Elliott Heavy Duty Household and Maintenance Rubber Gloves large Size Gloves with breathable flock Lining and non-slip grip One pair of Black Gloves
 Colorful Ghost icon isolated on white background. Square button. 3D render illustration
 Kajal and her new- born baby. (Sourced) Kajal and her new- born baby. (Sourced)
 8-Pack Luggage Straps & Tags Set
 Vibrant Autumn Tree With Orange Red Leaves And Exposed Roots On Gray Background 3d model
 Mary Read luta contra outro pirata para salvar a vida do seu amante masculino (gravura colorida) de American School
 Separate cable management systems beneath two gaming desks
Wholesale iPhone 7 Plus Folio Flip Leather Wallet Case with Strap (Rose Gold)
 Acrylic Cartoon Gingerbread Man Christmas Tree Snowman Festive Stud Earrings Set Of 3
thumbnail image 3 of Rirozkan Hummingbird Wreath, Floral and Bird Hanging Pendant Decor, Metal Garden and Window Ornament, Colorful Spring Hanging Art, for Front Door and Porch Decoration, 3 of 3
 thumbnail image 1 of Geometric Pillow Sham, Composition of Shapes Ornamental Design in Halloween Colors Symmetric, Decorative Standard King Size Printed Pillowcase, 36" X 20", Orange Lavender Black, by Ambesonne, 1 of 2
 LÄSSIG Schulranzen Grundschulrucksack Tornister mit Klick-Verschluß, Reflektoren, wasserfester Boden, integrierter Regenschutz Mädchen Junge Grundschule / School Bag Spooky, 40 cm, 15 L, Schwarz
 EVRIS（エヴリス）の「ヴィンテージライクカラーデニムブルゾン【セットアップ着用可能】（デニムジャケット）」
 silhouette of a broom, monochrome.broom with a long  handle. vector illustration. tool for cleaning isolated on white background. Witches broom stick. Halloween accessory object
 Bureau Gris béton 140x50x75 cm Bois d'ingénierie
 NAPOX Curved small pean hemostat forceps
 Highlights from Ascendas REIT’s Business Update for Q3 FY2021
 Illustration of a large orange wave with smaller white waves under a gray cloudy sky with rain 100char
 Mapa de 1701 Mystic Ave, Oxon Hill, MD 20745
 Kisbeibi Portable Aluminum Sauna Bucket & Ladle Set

================

◆ TASK DETAILS: Give again, word for word, the lines of the listing, starting at its first line and ending with the line containing "Mapa de 1701 Mystic Ave, Oxon Hill, MD 20745".

◆ RESPONSE FOR THIS EXERCISE:
Elliott Heavy Duty Household and Maintenance Rubber Gloves large Size Gloves with breathable flock Lining and non-slip grip One pair of Black Gloves
 Colorful Ghost icon isolated on white background. Square button. 3D render illustration
 Kajal and her new- born baby. (Sourced) Kajal and her new- born baby. (Sourced)
 8-Pack Luggage Straps & Tags Set
 Vibrant Autumn Tree With Orange Red Leaves And Exposed Roots On Gray Background 3d model
 Mary Read luta contra outro pirata para salvar a vida do seu amante masculino (gravura colorida) de American School
 Separate cable management systems beneath two gaming desks
Wholesale iPhone 7 Plus Folio Flip Leather Wallet Case with Strap (Rose Gold)
 Acrylic Cartoon Gingerbread Man Christmas Tree Snowman Festive Stud Earrings Set Of 3
thumbnail image 3 of Rirozkan Hummingbird Wreath, Floral and Bird Hanging Pendant Decor, Metal Garden and Window Ornament, Colorful Spring Hanging Art, for Front Door and Porch Decoration, 3 of 3
 thumbnail image 1 of Geometric Pillow Sham, Composition of Shapes Ornamental Design in Halloween Colors Symmetric, Decorative Standard King Size Printed Pillowcase, 36" X 20", Orange Lavender Black, by Ambesonne, 1 of 2
 LÄSSIG Schulranzen Grundschulrucksack Tornister mit Klick-Verschluß, Reflektoren, wasserfester Boden, integrierter Regenschutz Mädchen Junge Grundschule / School Bag Spooky, 40 cm, 15 L, Schwarz
 EVRIS（エヴリス）の「ヴィンテージライクカラーデニムブルゾン【セットアップ着用可能】（デニムジャケット）」
 silhouette of a broom, monochrome.broom with a long  handle. vector illustration. tool for cleaning isolated on white background. Witches broom stick. Halloween accessory object
 Bureau Gris béton 140x50x75 cm Bois d'ingénierie
 NAPOX Curved small pean hemostat forceps
 Highlights from Ascendas REIT’s Business Update for Q3 FY2021
 Illustration of a large orange wave with smaller white waves under a gray cloudy sky with rain 100char
 Mapa de 1701 Mystic Ave, Oxon Hill, MD 20745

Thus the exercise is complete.